8.   It has been submitted to us, however, that considerations of security are to be regarded differently, that the petitioner is a dangerous person, that he speaks against the Israel army and undermines the security of the State. The reply to this submission would seem to be that such a man is not only unsuitable to act as a teacher, but should be kept out of an office, a shop, a work- shop, kept off the streets and not allowed to mix even with adult persons. Not only is it permissible to take away his livelihood, but also to deprive him of his personal liberty. Anyone who preaches today that one should take up arms against the Defence Army of Israel - the most precious possession which has come into our hands since the establishmnent of the State - or should take up arms against the Government of Israel, robs the soul of the people and must pay the penalty for his actions and his deeds. Our State, however, is based upon the rule of law and not upon the rule of individuals. And if the censorship hiss passed over in silence the publication of the petitioner and has not prevented him - strange as it may seem - from preaching rebellion, law still rules in Israel. The authorities will take such action against the petitioner as the law allows and he will then, at least, enjoy the right given to every citizen in the State, the basic right of a man to defend himself before the courts. If the opinions of a citizen are rejected, that is not to say that his life is at the free disposal of anyone; the ways of earning a living are not closed before him, nor is his life to be embittered by administrative action. This court has already dealt with this subject in Bejerano v. Minister of Police , (1) :
        “When a person petitions this court for an order directing a public official to do a particular act . . . the petitioner must show that there is some law according to which the public official is under a duty to do that which is demanded of him. This principle will not, in our opinion, apply where a person seeks — not the performance of a particular act, but the restraining of the performance of an act which injures him, that is to say, a negative order. in such a case it is for the petitioner to show that he has the right to do that which he seeks to do, and, as against this, it is for the public official to prove that his action, intended to prevent the exercise of that right, is lawful. in other words, where a petitioner complaints that a public official prevents him from doing a particular act, it is not for the petitioner to prove the existence of a law which imposes upon the public official the duty of permitting him to do the act. On the contrary, it is for the public official to prove that there is some justification for the prohibition which he seeks to impose.” (ibid. page 124, (1).)
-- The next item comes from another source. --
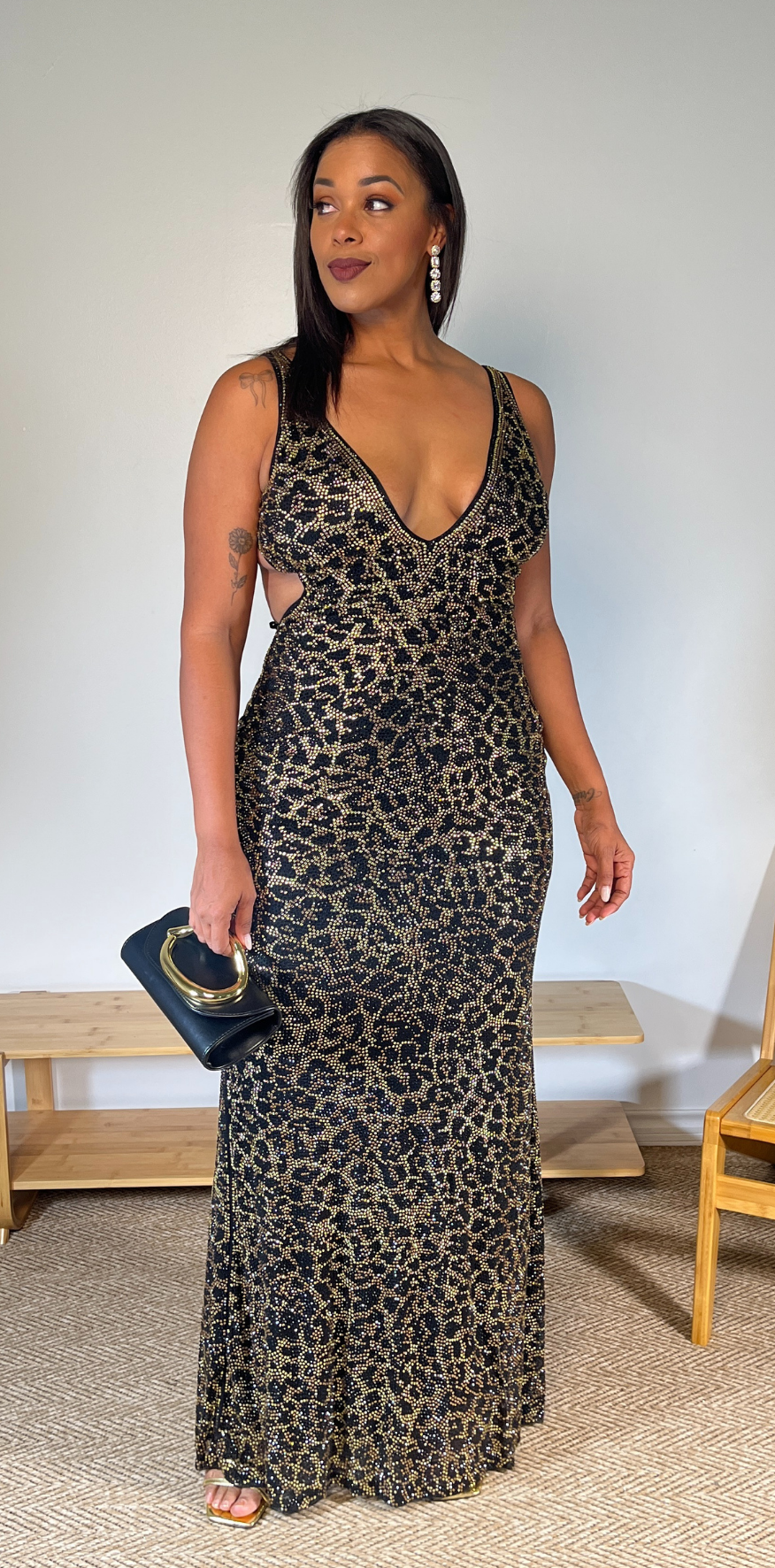 Leopard Print Glitter Dress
And in Blau v. Minister of Interior, (2) the court following Bejerano’s case, (1), repeated the same principle in these words :—
    “Where the petitioner asks this court to issue a writ of mandamus against the authorities, he will not succeed in his application unless he shows that the law imposes upon the authorities a duty to do what is demanded of them. lf, however, the authorities do an act which injures the rights of the individual, it is for the authorities to show that the law gives them the right to do that act.” (see Bejerano’s case, (1) at page 228).